The various factors which are relevant to the determination of the validity of a zoning ordinance as applied to specific property are well known. See: Myers v. City of Elmhurst, 12 Ill.2d 537, 543, 544, 147 N.E.2d 300 (1958); La Salle Nat. Bank v. County of Cook, 12 Ill.2d 40, 46, 47, 145 N.E.2d 65 (1957); Hoffmann v. City of Waukegan, 51 Ill. App.2d 241, 244, 201 N.E.2d 177 (1964). While no single factor is determinative of the issue, and the decision in each case must depend on the sum total of the particular facts of that case (First Nat. Bank v. County of Cook, 15 Ill.2d 26, 31, 153 N.E.2d 545 (1958); Fiore v. City of Highland Park, 76 Ill. App.2d 62, 73, 221 N.E.2d 323 (1966)), existing uses and zoning classifications of nearby property are of paramount importance.
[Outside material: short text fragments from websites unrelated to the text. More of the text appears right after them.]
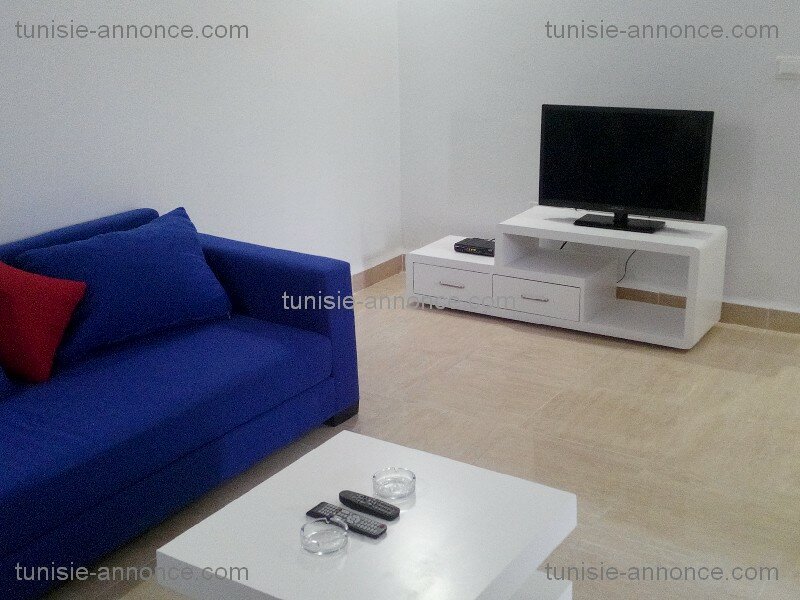 Ariana Ville Cite Ennasr 2 Location vacances Appart. 5 pices+ S 1trs haut standing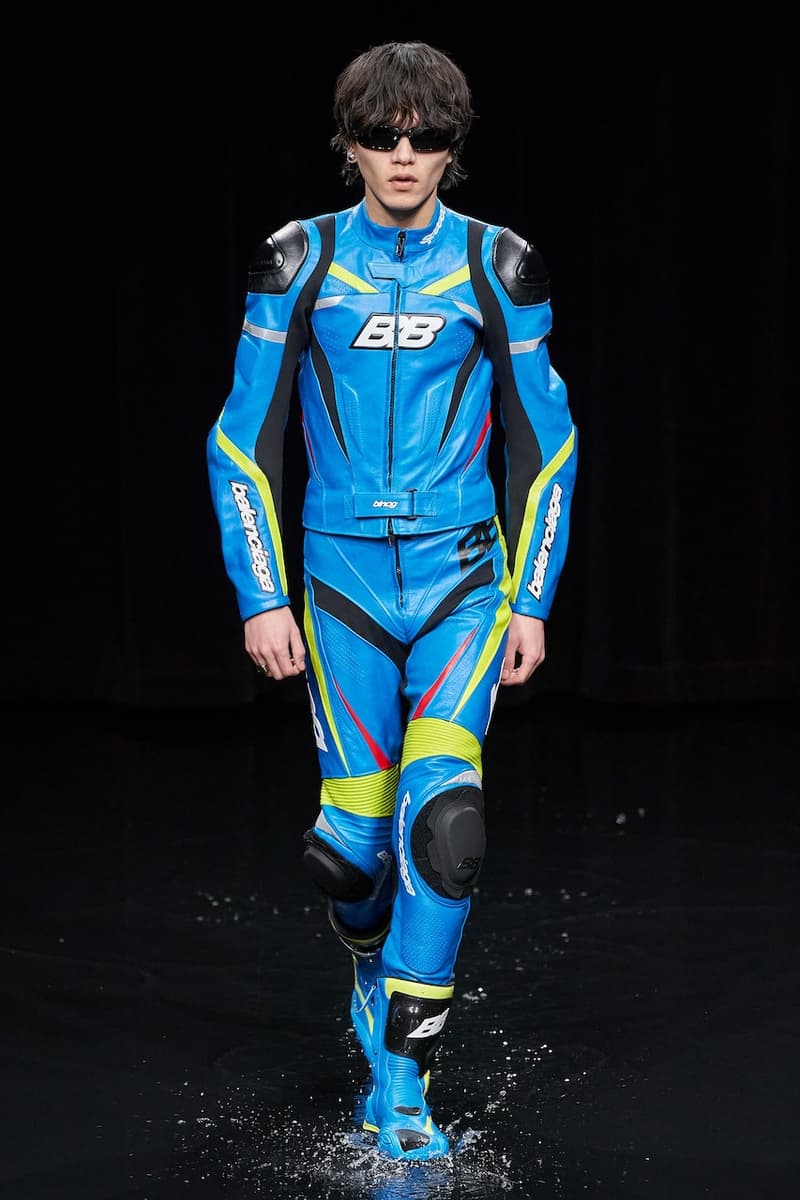 巴黎時裝周 - Balenciaga 2020 秋冬系列時裝大秀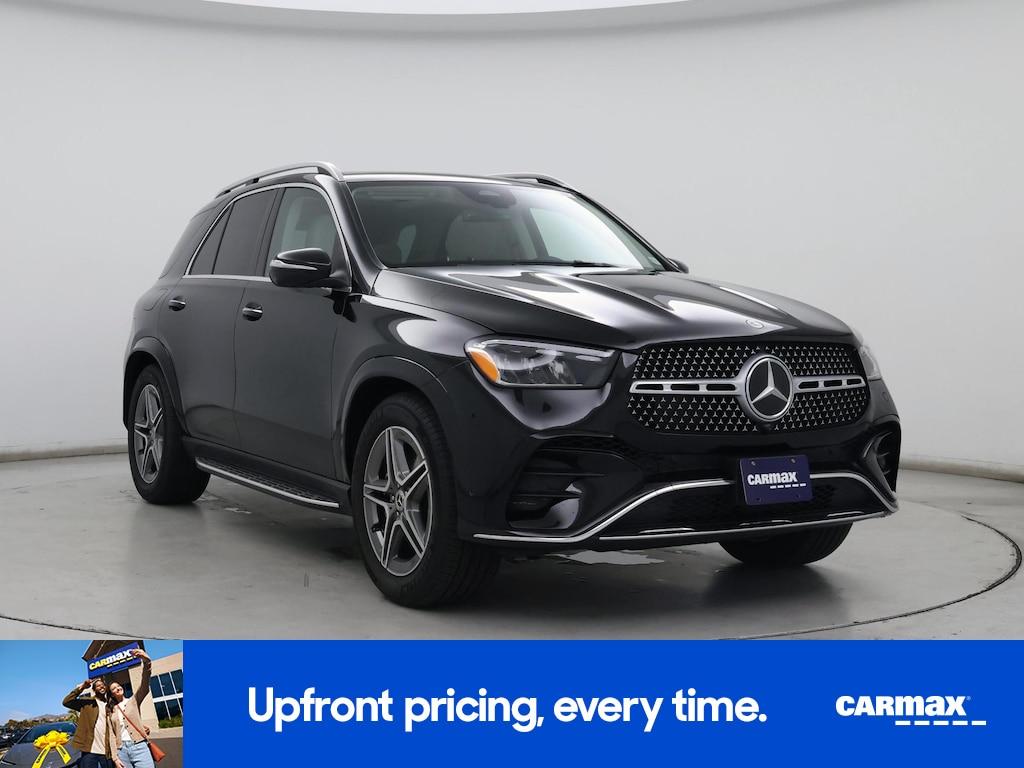 used 2025 Mercedes-Benz GLE 580 car, priced at $83,998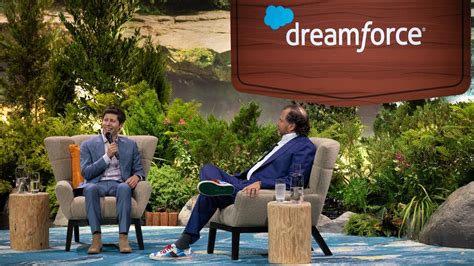 Sam Altman: A world without AI is becoming unthinkable | Salesforce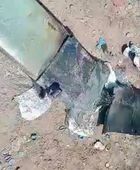 العمالقة تسقط مسيرة لمليشيات الحوثي في مديرية بيحان 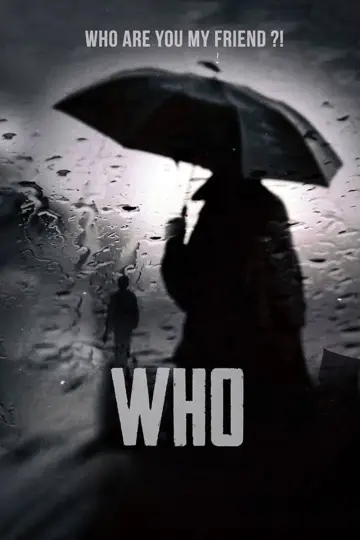 Постер к фильму "WHO" #733100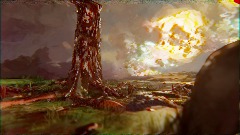 A screenshot taken in Dreams. 1 of 9.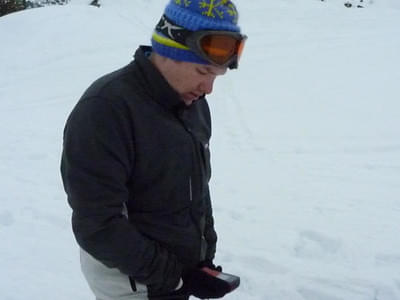 Skitourenausbildung Cab. Brunet Bild 11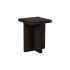 Table d'Appoint ou Tabouret en Chêne ASA 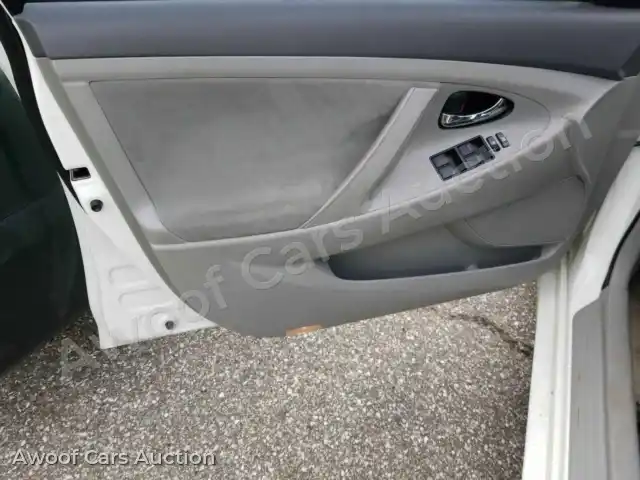 2007 Toyota Camry JTNBE46K873012489 — Manheim auction photo 18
Ryan v. County of DuPage, 28 Ill.2d 196, 198, 190 N.E.2d 737 (1963); LaSalle Nat. Bank v. Village of Lombard, 64 Ill. App.2d 211, 215, 212 N.E.2d 321 (1965). Clearly, the surrounding area is predominantly residential. In the mile and one-half along 55th Street, of which the subject property is approximately in the center, it is entirely residential on both sides with the exception of Jewel-Osco — grocer-drugstore center — approximately 1,000 feet east of the subject property and adjacent to a cloverleaf connecting with Route 83, and with the further exception of three nonconforming uses, of which the subject property is one. It is also residential to the north and south. The balance of the block in which the property is located is single-family residential. The character of the neighborhood obviously is residential. Neither the nonconforming use of the subject property, nor the nonconforming use across the street for a tavern, alter the residential character. Some commercial use near or even adjoining the property, does not alter the otherwise residential character of this property. De Bartolo v. Village of Oak Park, 396 Ill. 404, 411, 71 N.E.2d 693 (1947); Jans v. City of Evanston, supra, 72.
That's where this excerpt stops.